The secret ingredients for “how to retire early” using the stock market are not locked up in a vault somewhere. At least not anymore. Today, we live in the Information Age where information is readily available, and accessible to all. Everything you need to know is a mouse-click, or finger tap away.
But here are the “secret ingredients”, anyway:
Nowadays, everybody knows about the powers of compound interest. In a nutshell, you simply buy shares of quality companies, re-invest the dividends, and watch the snowball buildup over time. By the time you retire, your golden hen(s) will have laid so many eggs, you’ll never have to worry about going hungry again.

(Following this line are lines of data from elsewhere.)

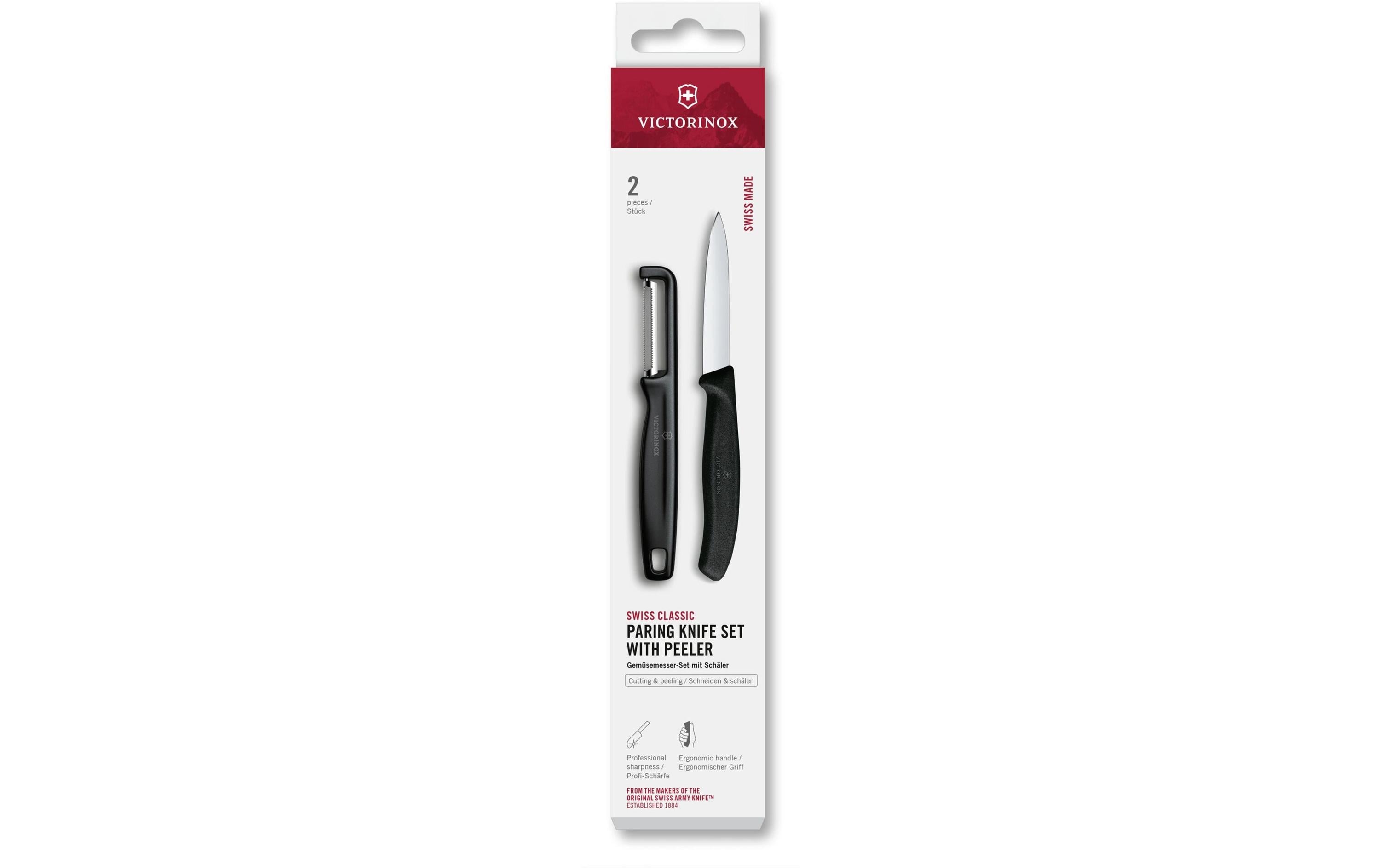 Victorinox Messer-Set Swiss Classic, Schwarz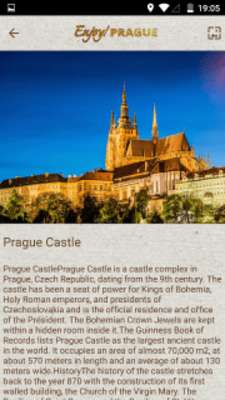 Play Enjoy! Prague Historical Sights & Tour Guide 
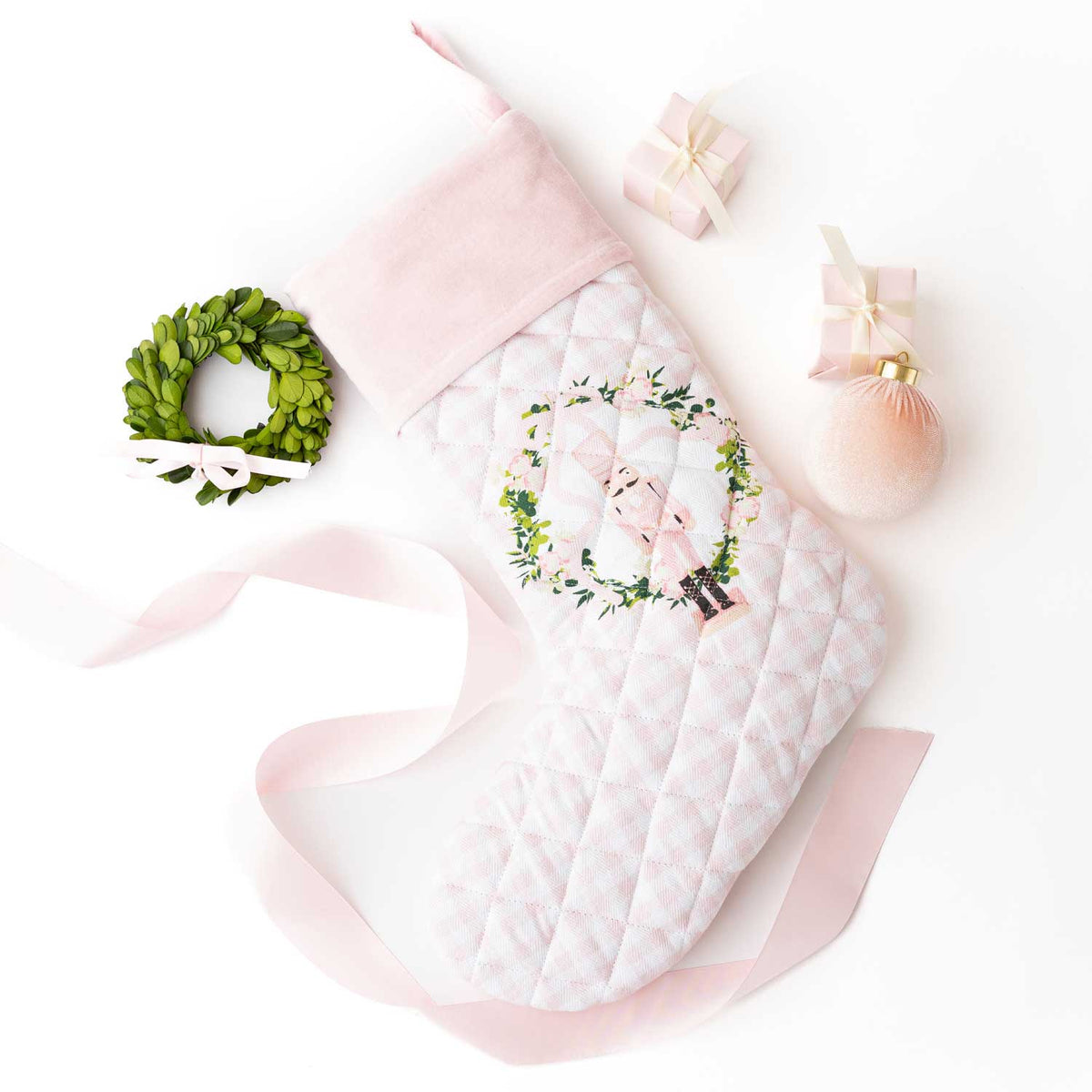 Sugarplum Gingham Quilted Christmas Stocking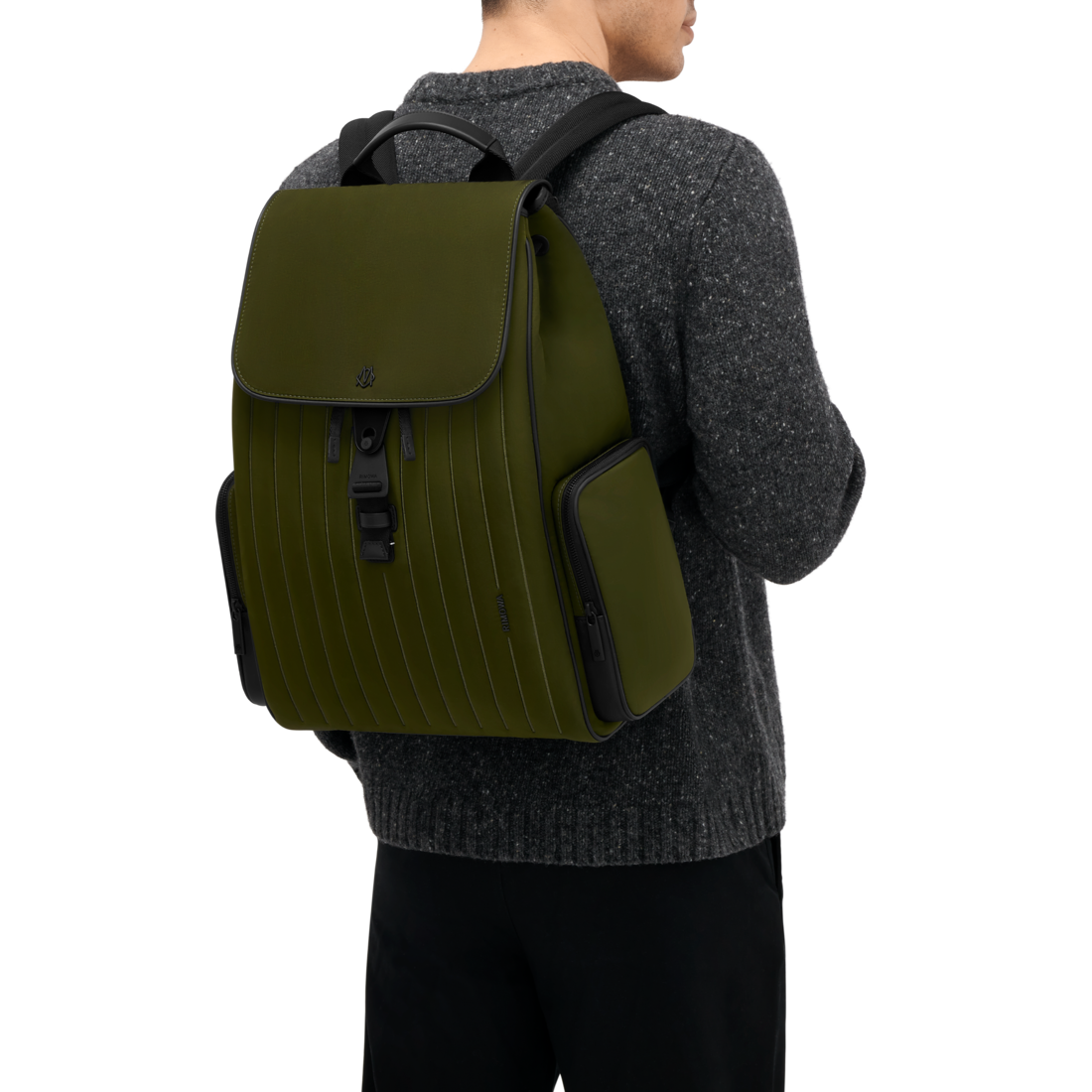 Shop Rimowa Nylon Flap Backpack Large In Khaki Green In Khaki_nylon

Compound Annual Growth Rate
Then, there’s the idea of compound annual growth rate. We know that the stock market is volatile, and prices jitter, moving wildly up and down on a day-to-day basis. By stepping back and focusing only on the long-term movements, we can free ourselves of the noise, and get a clear picture of the real signal. By doing this, we now see that market is resilient, and able to withstand tough economic times. In the long run, it always moves in the upward direction!

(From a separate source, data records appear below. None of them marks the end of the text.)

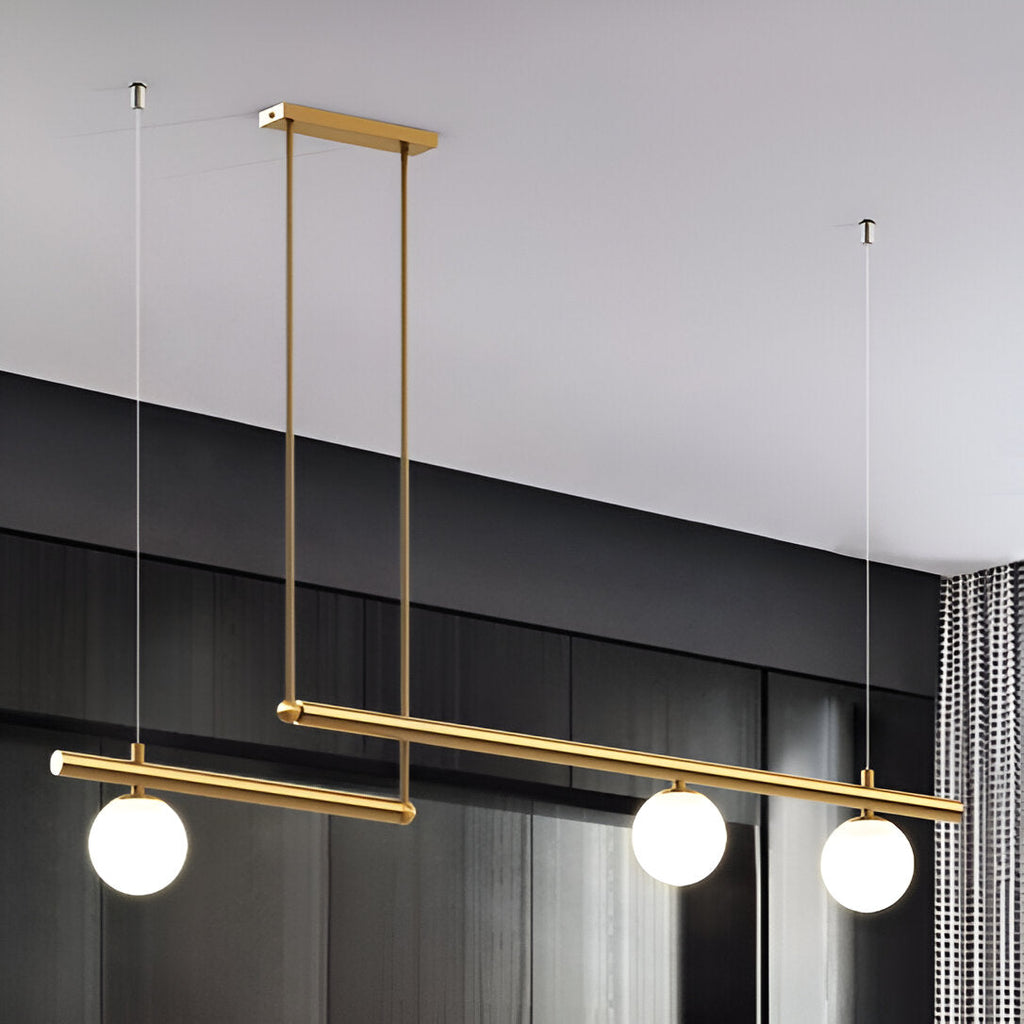 Nordic Glass Linear Luxury Pendant Lamp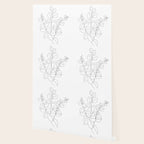 Minimalistic Eucalyptus  Line Art Wallpaper Gallery Image 2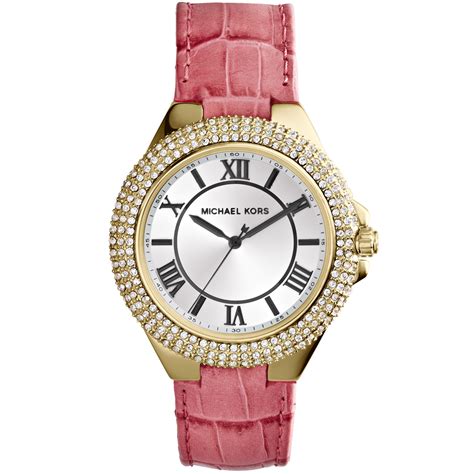 michael kors watches leather strap|ladies watches by michael kors.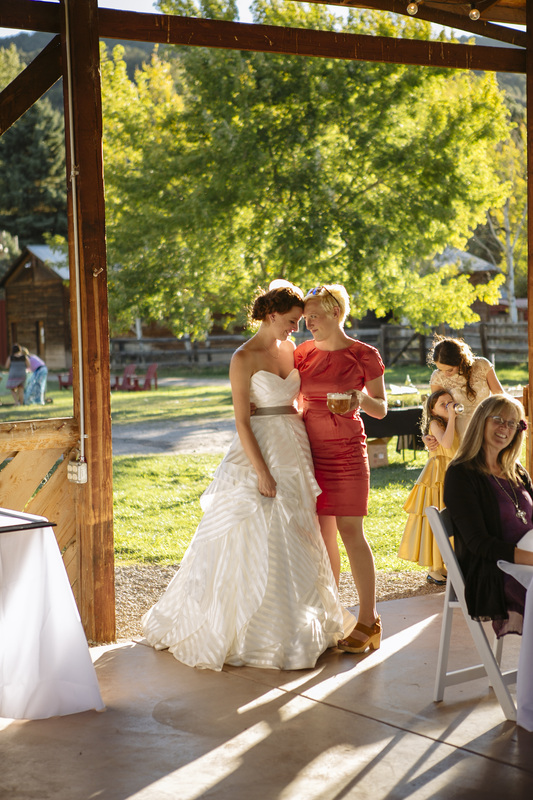 country wedding, colorado wedding, reception location in aspen,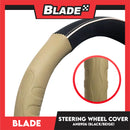 Blade Steering Wheel Cover AN8906 (Black/Beige) for Toyota, Mitsubishi, Honda, Hyundai, Ford, Nissan, Suzuki, Isuzu, Kia, MG and more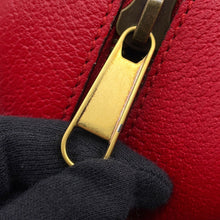 将图像加载到图库查看器中，GUCCI Adidas Logo Shoulder Bag Red/White702427 Leather
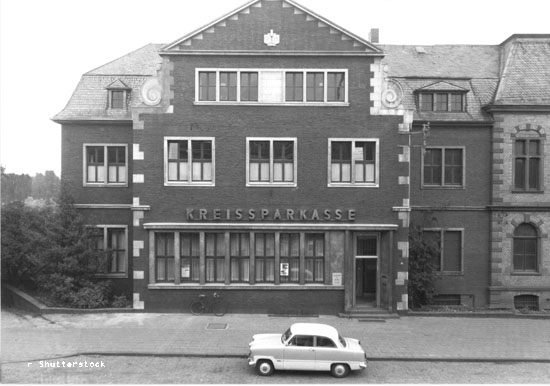 Sparkassen Geschäftsstelle Bergheim 1955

So, we can buy today, knowing almost certain that the price will increase in the future. Further, we also learn that when the market does plunge, it’s temporary, so we should not be fearful, but instead, greedy. These downturns provide the best buying opportunities of all, so load up!
Dividend Growth Investing
Lastly, dividend growth investors have spread the word and educated people on how to build a reliable income stream. Those seeking to reach financial independence (like myself), now know that it is possible to build a sustainable passive income portfolio by investing in a blend of large-cap, dividend paying (and growing) companies.
By focusing on dividends and dividend growth, we can now: ignore the fluctuating stock price (for the most part), beat inflation, receive a paycheck every quarter (or half year, or year), and count on pay raises every year.
We strive to invest in the largest, most stable, best-in-class companies. These premiere blue chips have a strong history of not only surviving tough economic downturns, but thriving in spite of them. Their history shows a rugged dividend, one that never gets cut, and only continues to grow each year. These gems make up the Core Holdings in our portfolio. But, because nothing in life is certain, outside of death and taxes, we take a Buy and Monitor stance on each one of our positions. For extra safety, we usually own a basket of stocks, ranging from 10-40+ holdings.
Just for clarity, here are some blue chips that fit the bill, and would make any dividend growth investor proud to own in their portfolio.
Procter and Gamble (PG)
Johnson and Johnson (JNJ)
Exxon Mobil (XOM)
And, that’s basically all there is to it. These are the secret ingredients for “how to retire early” using the stock market. Others might utilize something slightly different for their own recipe, but these ingredients are the ones I’m cooking with.
And just like with cultivating a garden, one size does not feed all. You’ll also need to figure out how many dividend seeds to plant to satiate your appetite. I don’t eat much, so I don’t need to plant many dividend seeds, or worry about growing over-sized dividend trees either.
The rest is just time. Lots and lots of time.